Inaugural Book Prize Winner Announced
Marianne Erhardt, winner of IHLR Book Prize
We are pleased to announce that Texas Tech Press has selected Marianne Erhardt’s collection of essays, Lucky Bodies, as this year’s winner. As the winner of our prize, Marianne will receive $1,000 honorarium, and her collection will be published by Texas Tech University Press sometime this summer. Marianne Jay Erhardt lives in Winston-Salem, North Carolina with her family. Her writing appears in Orion, Kenyon Review, Oxford American, Electric Literature, Conjunctions, and other fine publications. Her work has been recognized and supported by a North Carolina Arts Council Fellowship, a VanderMey Nonfiction Prize, and a residency at Vermont Studio Center. She holds an MFA in poetry from the University of Wisconsin-Madison and is an Assistant Teaching Professor in the Writing Program at Wake Forest University. Lucky Bodies is her first book.
About Marianne's book, Katie Cortese, the Director of TTU Press, writes: "I loved the language and the moving depictions of parenthood, which felt true and full of sentiment without resorting to truisms or sentimentality. I read this one early, but it stayed right at the top of my list nearly the whole way. I think it will be a great fit for the series."

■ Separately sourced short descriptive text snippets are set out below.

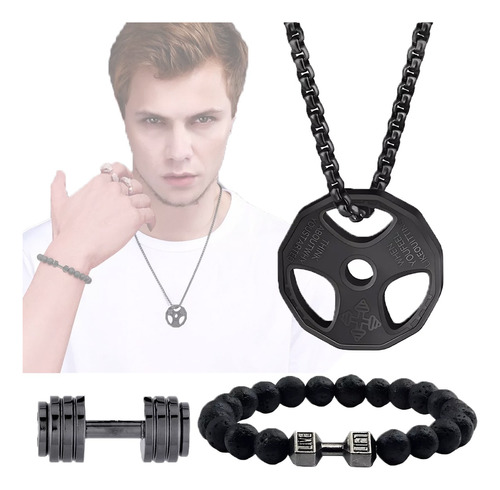 3pz Collar Y Pulsera Mancuerna Dijes Acero Inoxidable Hombre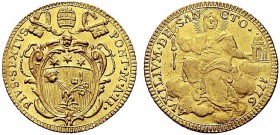 MONETE ITALIANE REGIONALI
ROMA
Pio VI (Giovanni Angelo Braschi), 1775-1799. Zecchino 1776 a. II. Au gr. 3,42 Simile a precedente. CNI 13; M. 9; CNI ...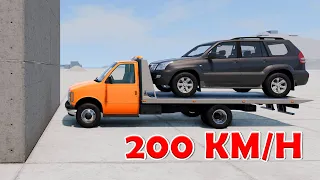 Tow Truck vs Wall 200 KM/H - BeamNG Drive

We hope you enjoy Lucky Bodies as much as we did. We also want to acknowledge other works that stood out to us as we went through so many exceptional manuscripts. We could only publish one book this year, but here are our runners-up and finalists for the inaugural book prize. All the luck in the world to them in placing their collections soon.
Other ranking finalists include:
1st Runner-Up: Steve Chang’s The Shattered World and Other Kaleidoscopes (fiction)
2nd Runner-Up: Katherine Connor’s The Hanged Man (fiction)
3rd Runner-Up: Allison Field Bell’s Bodies of Other Women (nonfiction)
Thank you again to all who submitted to the prize.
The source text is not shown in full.